| Problem to solve |
Would you retype, word for word, only the lines from the one holding "Detail of soft" through the final line of the entries below, without the pictures?

| Pictures with short captions |
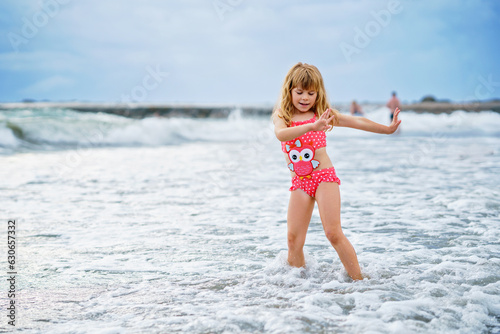 Happy Child, Little Preschool Girl in Swimmsuit Running And Jumping In The Waves During Summer Vacation On Exotic Tropical Beach. Family Journey On Ocean Coast. © Irina Schmidt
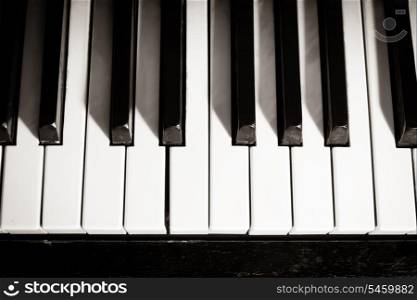 Old piano keyboard close up as a music background. Black and white image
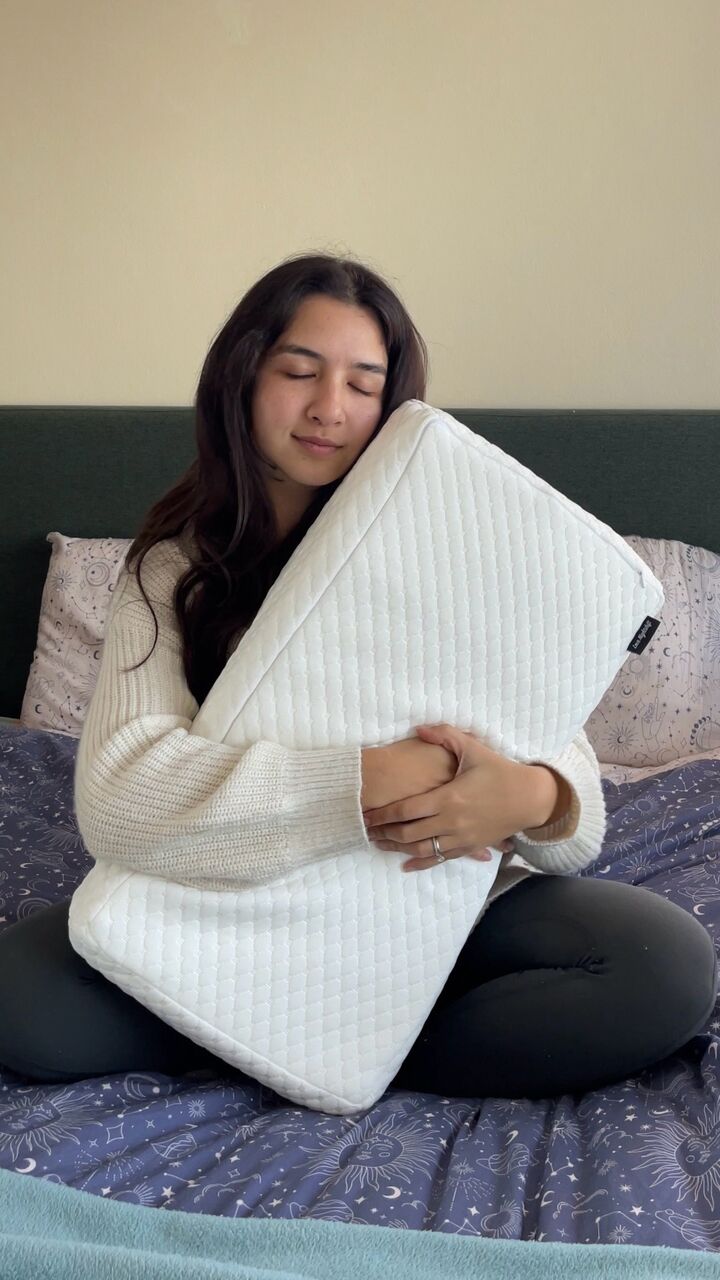 side-sleeper-pillow-cube-australia-sitting-on-bed
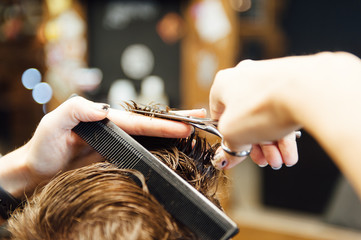 The hands of young barber making haircut to attractive man in barbershop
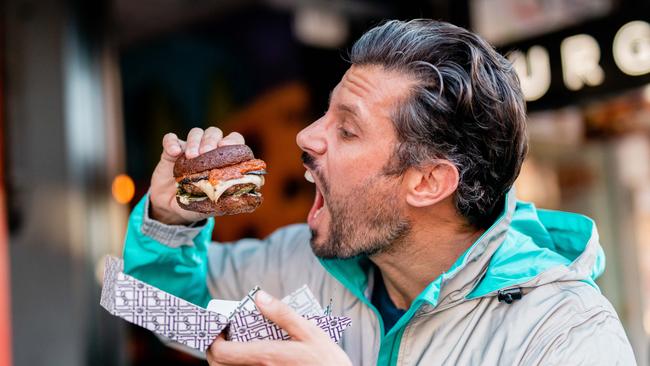 Sam Wood tucking into a BL Dad Bod Burger.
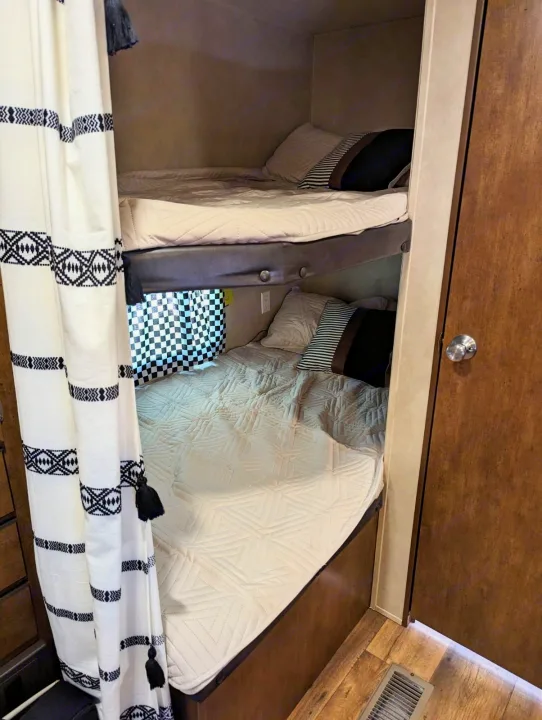 Compact RV rental bunk beds, with soft quilted bedding and decorative curtains, offering cozy sleeping space for travelers.. Forest River Salem 2017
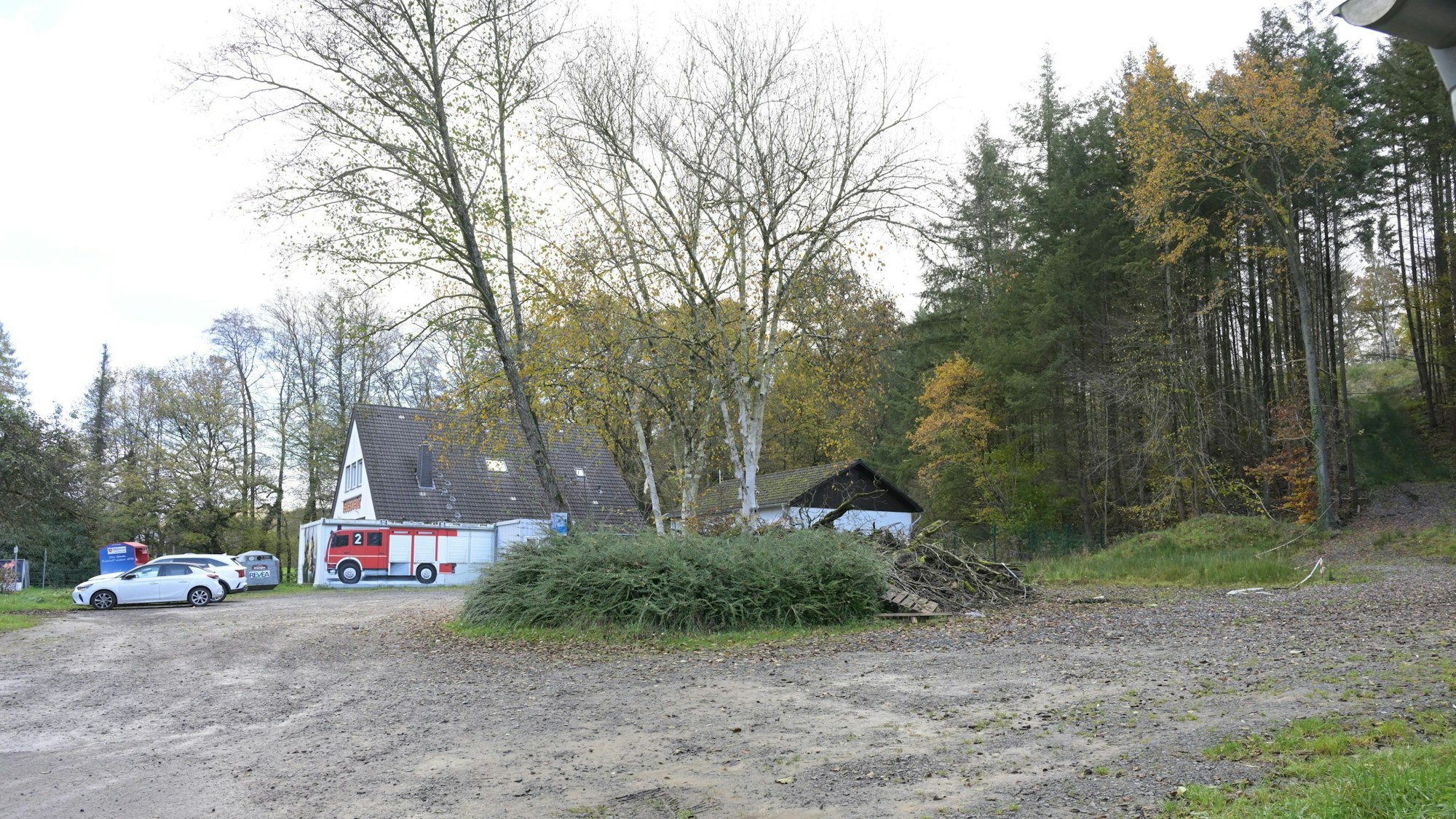 Ein Parkplatz, im Hintergrund ein Feuerwehrgerätehaus.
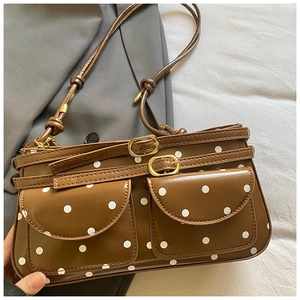 Détail du sac bandoulière vintage marron avec pois blancs et boucles dorées élégantes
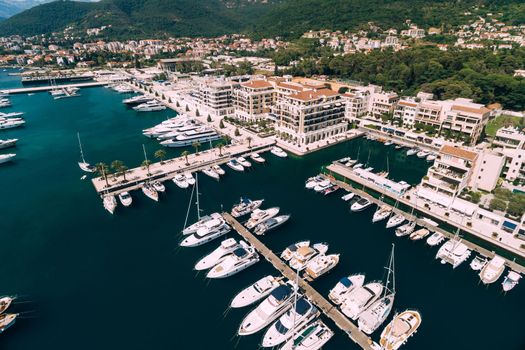 Aerial view of moored yachts near the modern buildings of the Porto resort. Montenegro. High quality photo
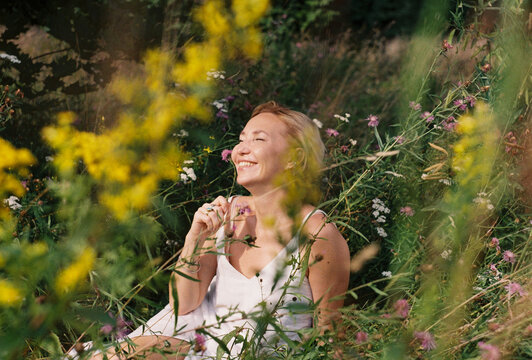 A woman sits laughing among summer wildflowers in a meadow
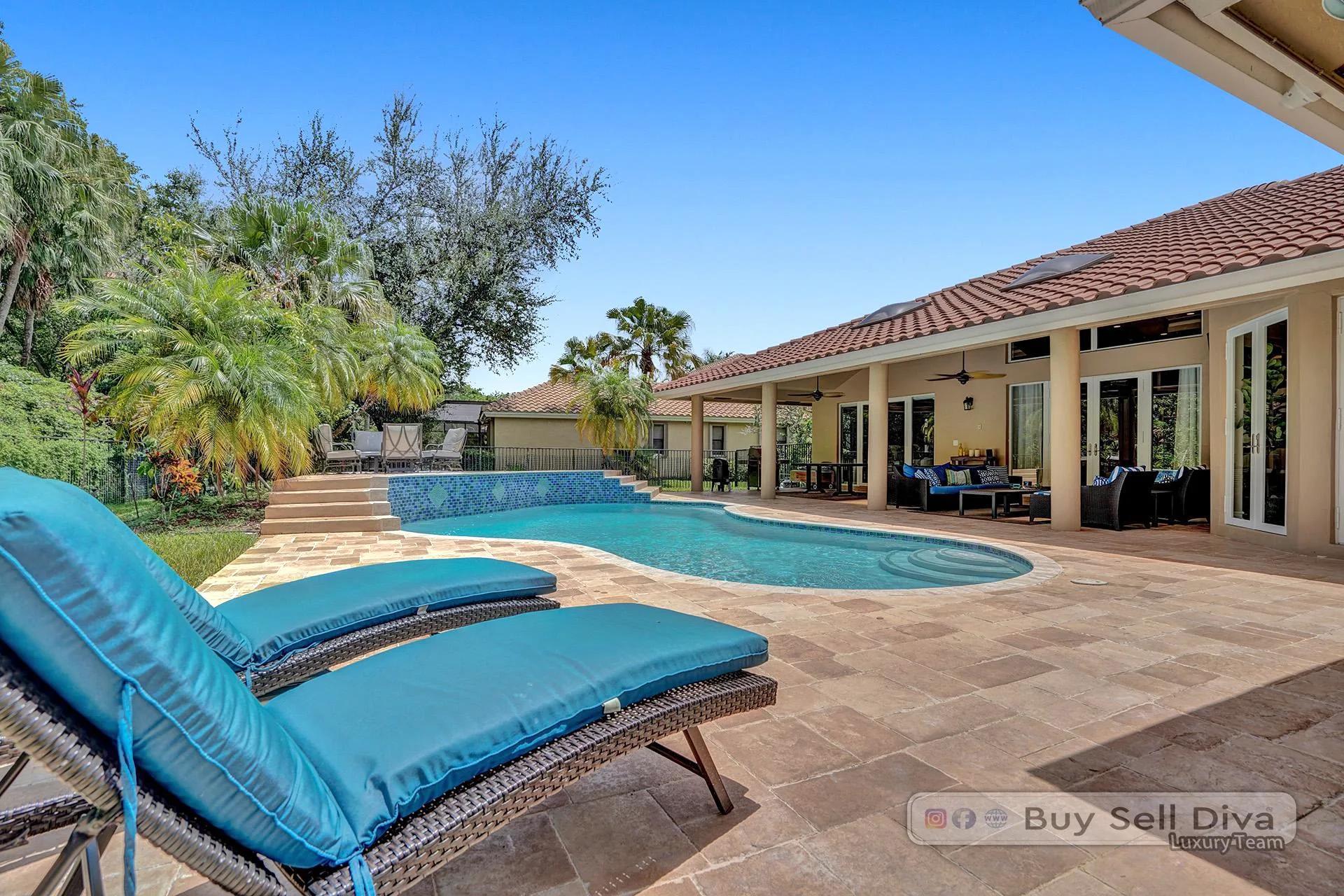 Rear exterior of a Weston Florida home with oversized pool and covered patio.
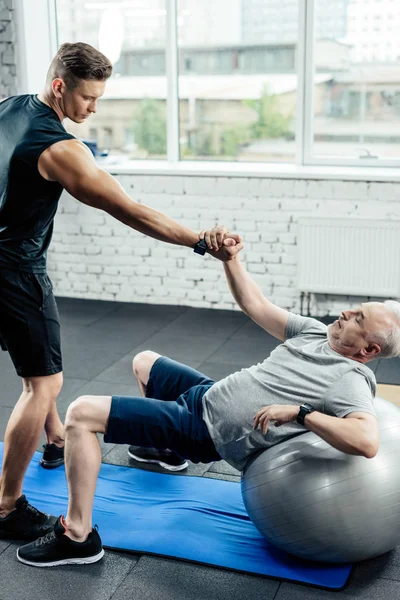 Desportista sênior na bola de fitness — Fotografia de Stock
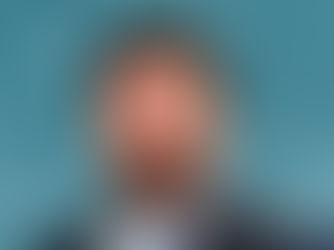 Smiling man with a beard in a blue suit and tie against a mottled teal background. The mood is positive and professional.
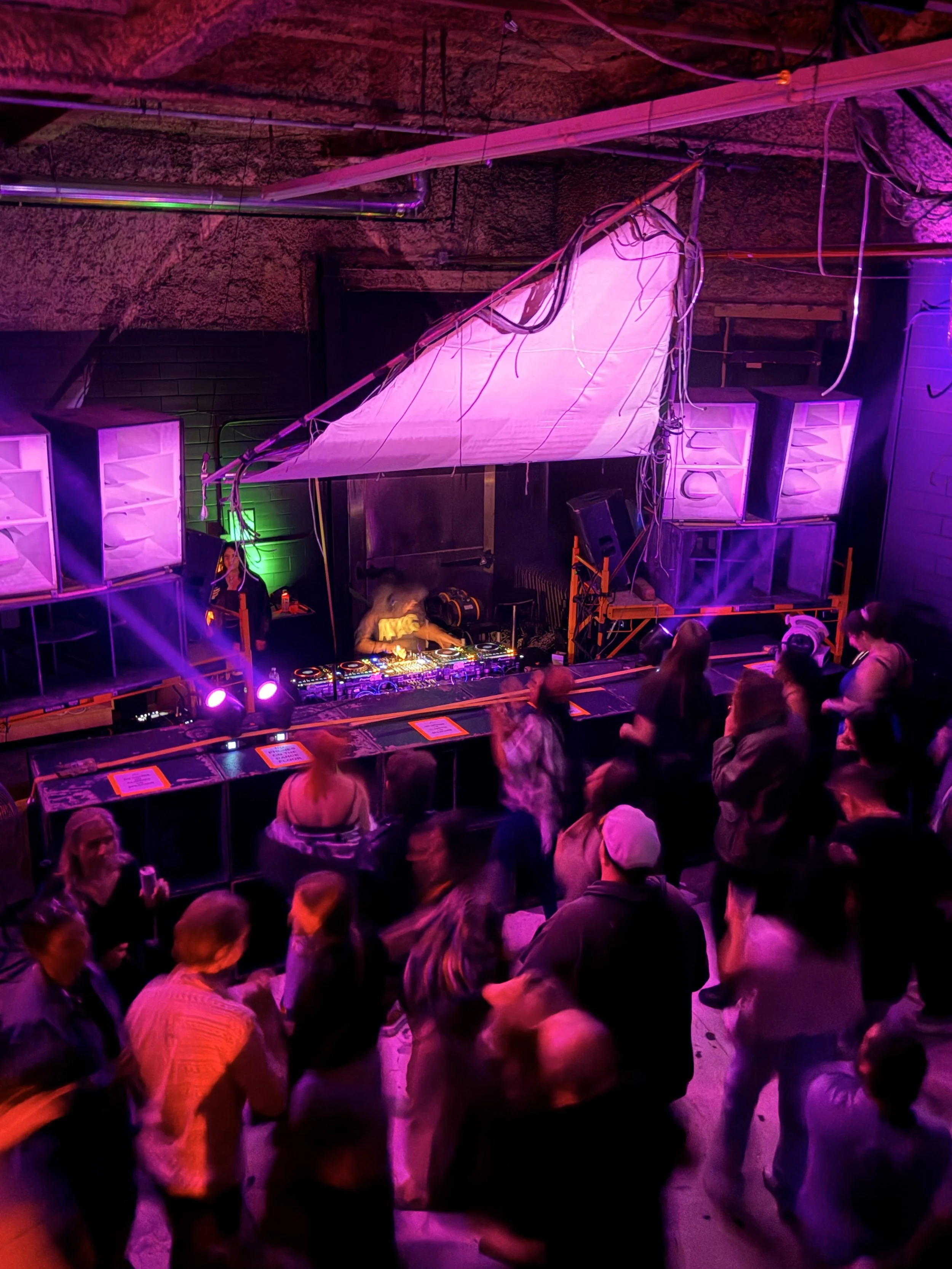 People gathered in a dimly lit venue with purple and pink lighting, DJ equipment on a stage, and an industrial ceiling with exposed pipelines.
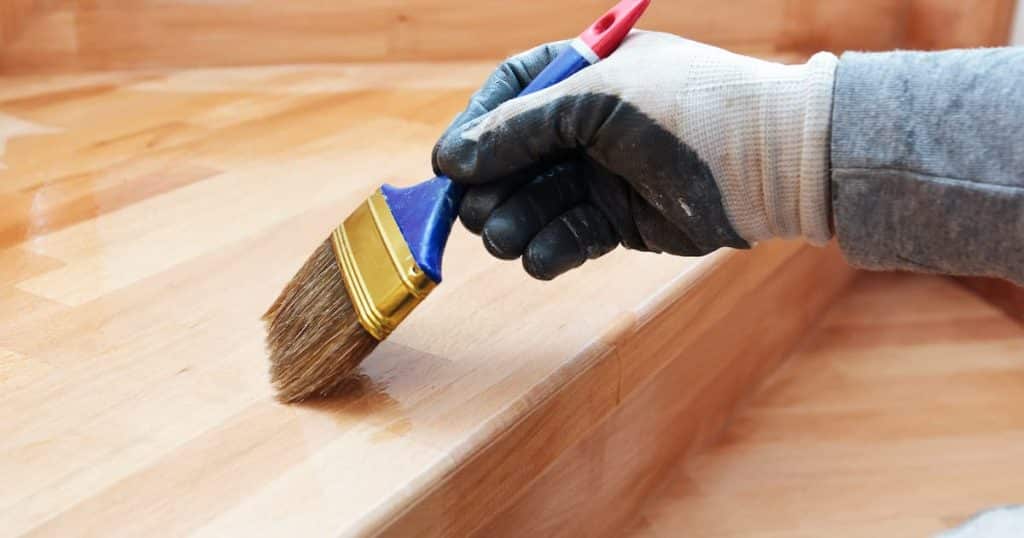 Une personne en train de vitrifier un escalier  avec un pinceau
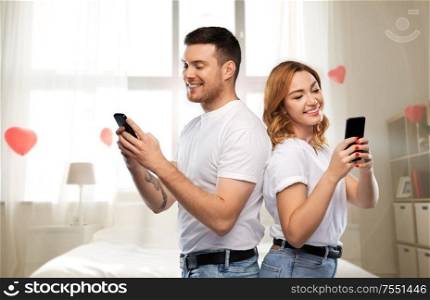 valentine&rsquo;s day, technology and people concept - happy couple in white t-shirts with smartphones over bedroom decorated with heart shaped balloons background. happy couple with smartphones on valentines day
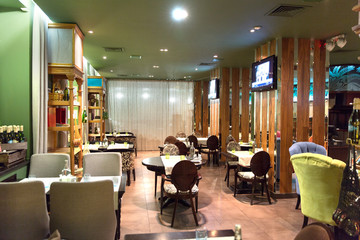 Fototapeta na wymiar Interior of cozy modern style restaurant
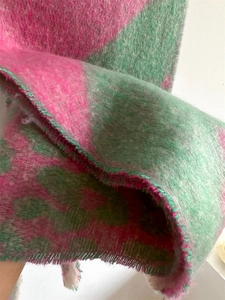 Detail of soft mohair texture and fringe edge on pink and green block scarf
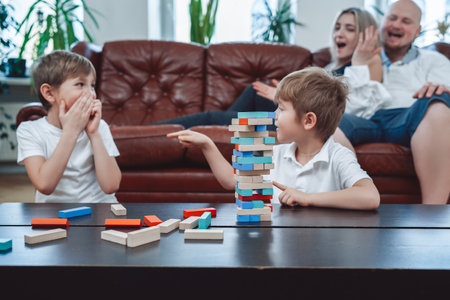 Youth and joyful brother have a good time competing each other and playing  game. Relaxed domestic lifestyle of family.の写真素材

| Answer |
 Detail of soft mohair texture and fringe edge on pink and green block scarf
 Youth and joyful brother have a good time competing each other and playing  game. Relaxed domestic lifestyle of family.の写真素材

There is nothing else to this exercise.